The frown on her face was deep. I hated seeing her so unhappy, hated knowing that I was the one causing her to feel this way.

  “Do you remember that talk we had?” she asked. “And you told me how you hadn’t done things right with Carolyn, but you were going to do them right with me? Do you think this is right? Breaking up with someone that you ‘love being around’? Because in case you didn’t know, once we break up, I’m not really going to want to be around you that much. Or at all, really. Maybe some girls can handle that shit, but I’m not one of them.”

  “I wouldn’t expect you to want to be around me,” I said, already feeling sad at the thought of never getting to hang out with her again. But then that image of Ditto reappeared in my mind, and I knew I couldn’t retract my statement. This was the best thing, even if it hurt, even if it wasn’t what I wanted. “I’m sorry, Wren.”
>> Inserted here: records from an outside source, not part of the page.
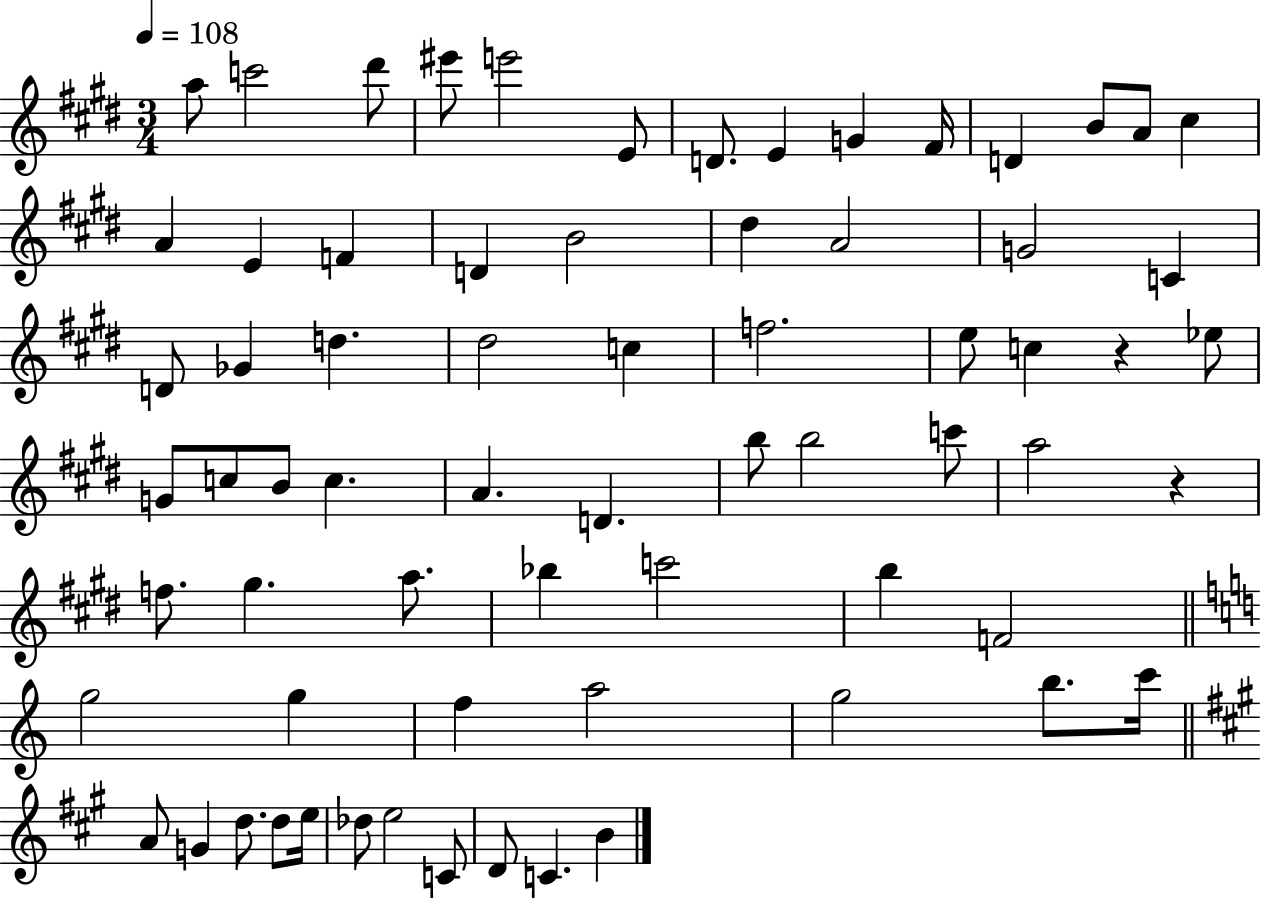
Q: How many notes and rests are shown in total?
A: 69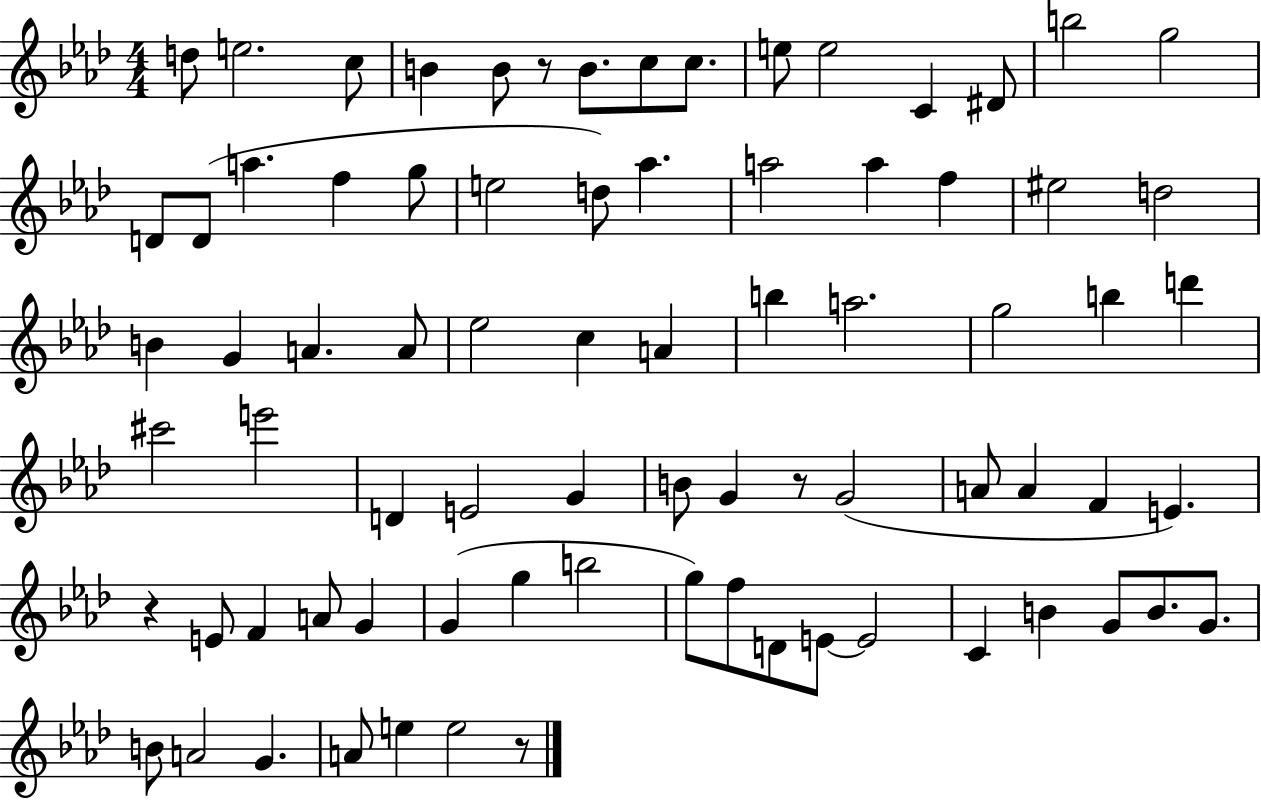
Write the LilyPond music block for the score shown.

{
  \clef treble
  \numericTimeSignature
  \time 4/4
  \key aes \major
  d''8 e''2. c''8 | b'4 b'8 r8 b'8. c''8 c''8. | e''8 e''2 c'4 dis'8 | b''2 g''2 | \break d'8 d'8( a''4. f''4 g''8 | e''2 d''8) aes''4. | a''2 a''4 f''4 | eis''2 d''2 | \break b'4 g'4 a'4. a'8 | ees''2 c''4 a'4 | b''4 a''2. | g''2 b''4 d'''4 | \break cis'''2 e'''2 | d'4 e'2 g'4 | b'8 g'4 r8 g'2( | a'8 a'4 f'4 e'4.) | \break r4 e'8 f'4 a'8 g'4 | g'4( g''4 b''2 | g''8) f''8 d'8 e'8~~ e'2 | c'4 b'4 g'8 b'8. g'8. | \break b'8 a'2 g'4. | a'8 e''4 e''2 r8 | \bar "|."
}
  Her chin trembled, ever so slightly, but her eyes were dry. She was blinking fast, though, and I knew she was trying not to cry, which just about broke my heart. How was I supposed to explain to her that I didn’t want to do this, yet I had to? It hardly even made sense to me, other than I knew I had to put my job first. I had to put Garrett and the ranch first. At least for right now. I couldn’t let him down, and I couldn’t keep doing things that were a danger to people and animals.

  “What are you going to do if it keeps happening?” she asked. “What if we break up now and you stop thinking about me, but then you forget to close a gate again? Then what?”

  “I don’t know.”

  And I really didn’t, but I was almost one hundred percent certain it wouldn’t happen. That the forgotten gates and cinches would simply stop because I’d remember to latch them, I’d remember to tighten them. I’d never forgotten that stuff in the past, and she was the only thing that was different about the whole equation.